ASSIGNMENT
The records below are to be returned word for word, with pictures left out.

──────── INFORMATION ────────

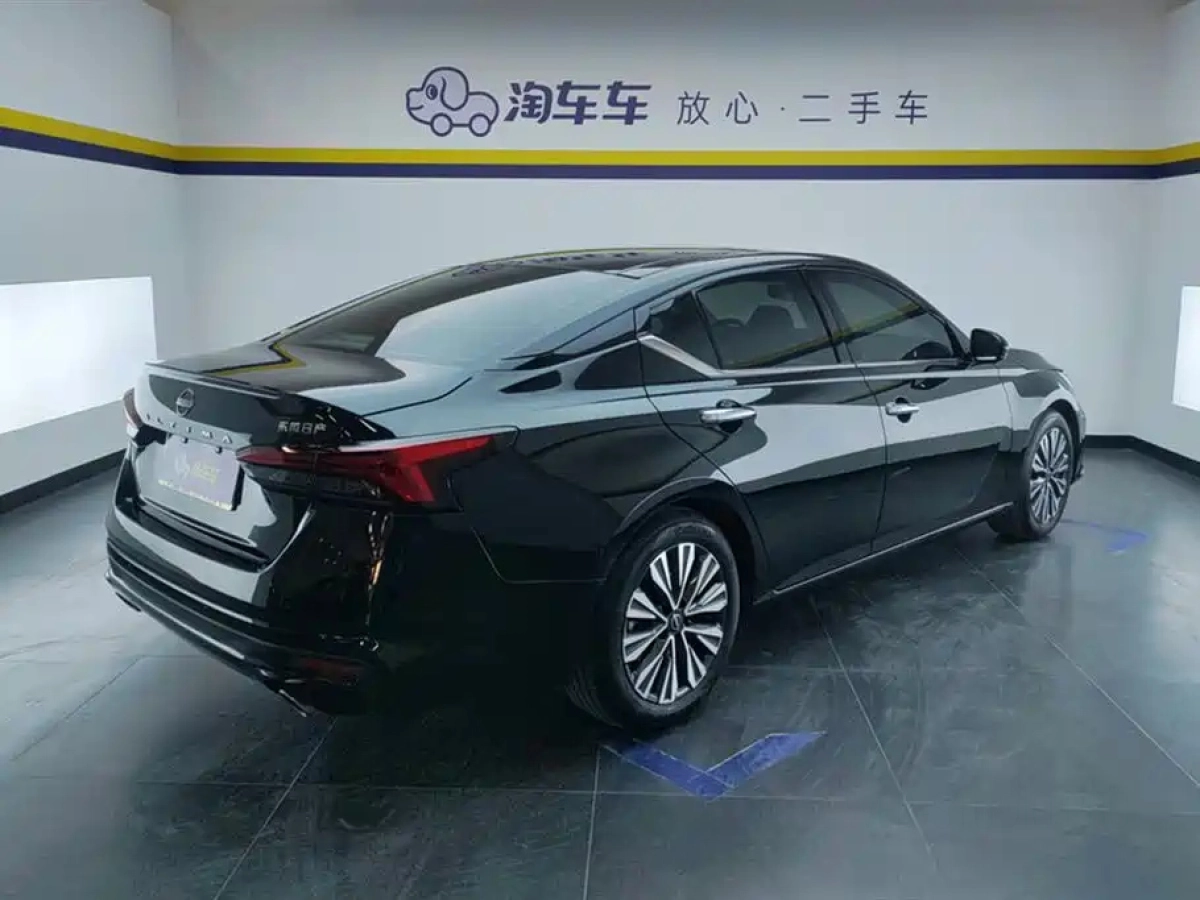 NISSAN TEANA
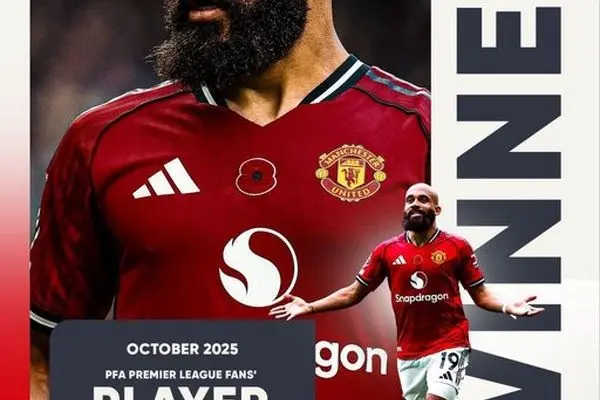 ستاره کامرونی منچستر یونایتد، بازیکن ماه لیگ برتر انگلیس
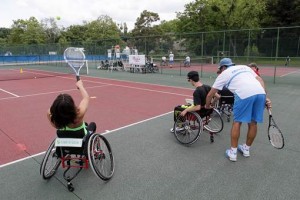Entrainement tennis en fauteuil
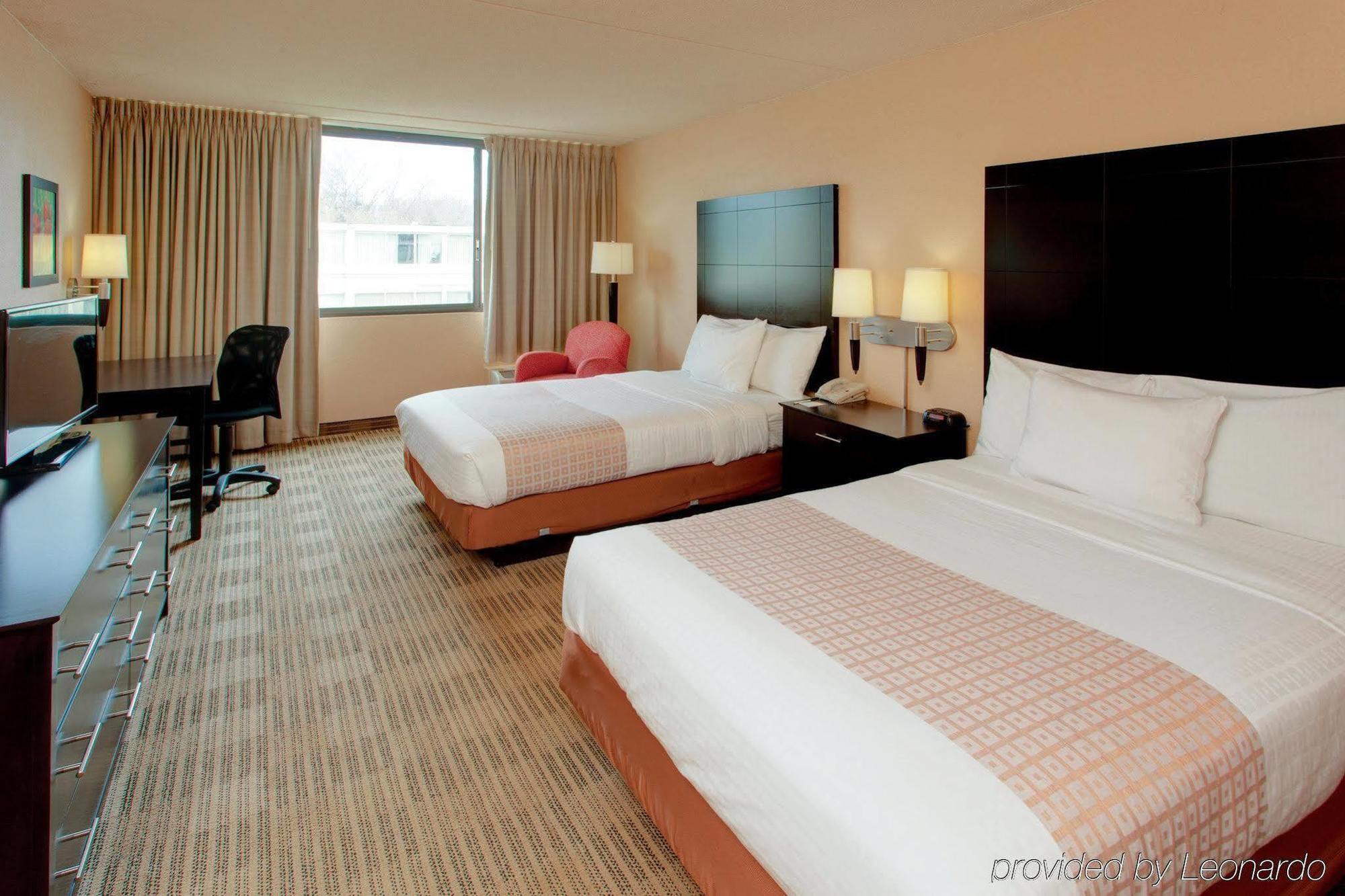 Ramada Inn By Wyndham Fairfield Nj Ngoại thất bức ảnh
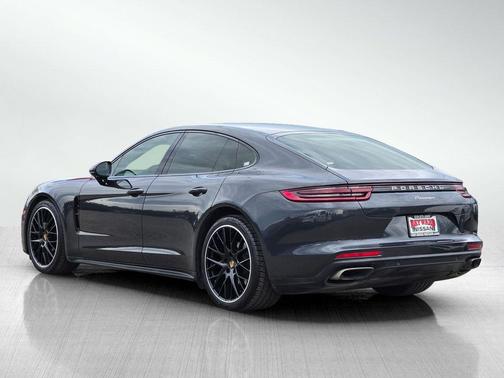 2020 Porsche Panamera 4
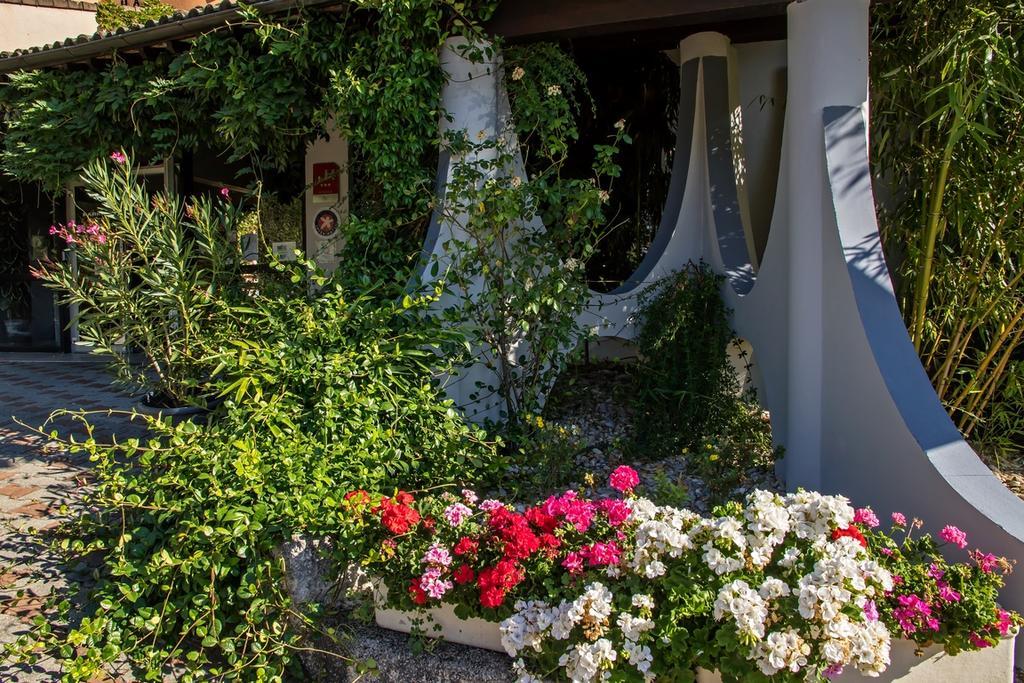 The Originals City, Hotel La Siesta, Annonay Est Davézieux エクステリア 写真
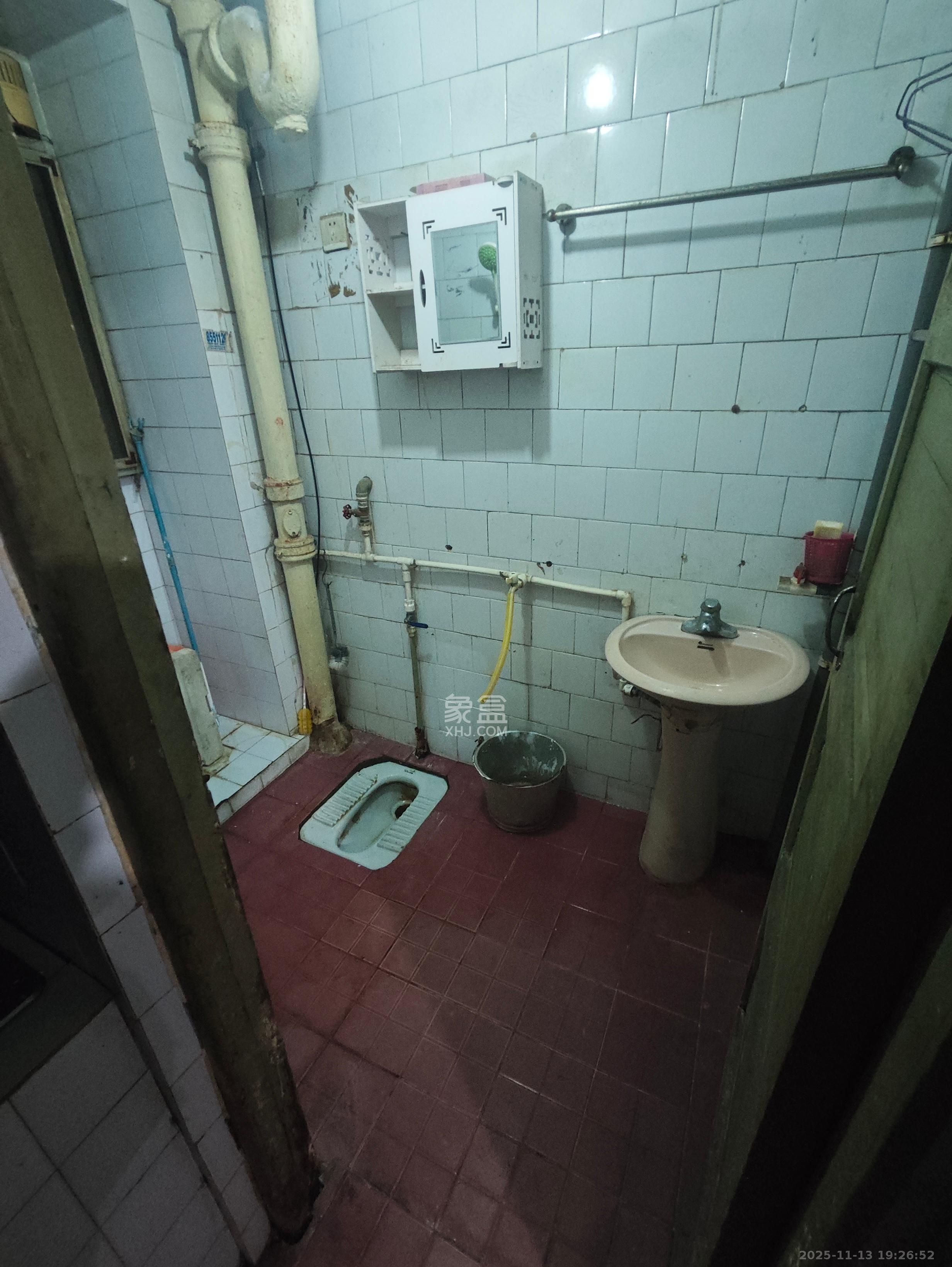 湖开小区（湖南开关厂宿舍）/南大桥社区  2室1厅1卫    1400.0元/月室内图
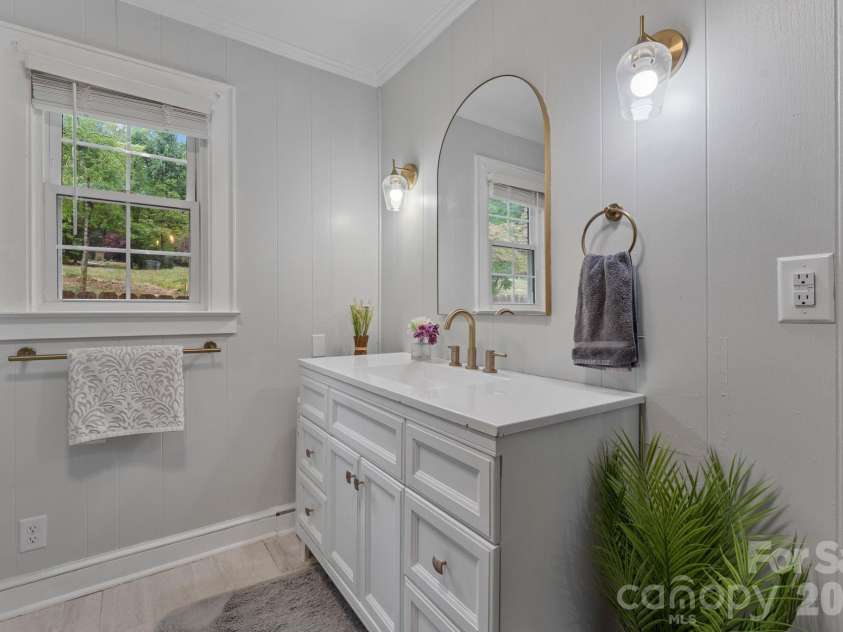 1014 Bramblewood Court, Lenoir, NC 28645.  MLS# CAR4385707, YatesRealty ID 27059. 
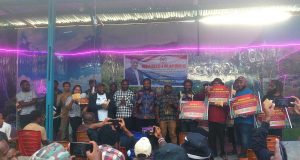 Lomba Pondok Natal Hadirkan Kedamaian di Wamena, Senator Nelson Wenda Ajak Masyarakat Jaga Damai Natal Sampai Selamanya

────────

PROBLEM SOLUTION
 NISSAN TEANA
 ستاره کامرونی منچستر یونایتد، بازیکن ماه لیگ برتر انگلیس
Entrainement tennis en fauteuil
 Ramada Inn By Wyndham Fairfield Nj Ngoại thất bức ảnh
 2020 Porsche Panamera 4
 The Originals City, Hotel La Siesta, Annonay Est Davézieux エクステリア 写真
 湖开小区（湖南开关厂宿舍）/南大桥社区  2室1厅1卫    1400.0元/月室内图
 1014 Bramblewood Court, Lenoir, NC 28645.  MLS# CAR4385707, YatesRealty ID 27059. 
 Lomba Pondok Natal Hadirkan Kedamaian di Wamena, Senator Nelson Wenda Ajak Masyarakat Jaga Damai Natal Sampai Selamanya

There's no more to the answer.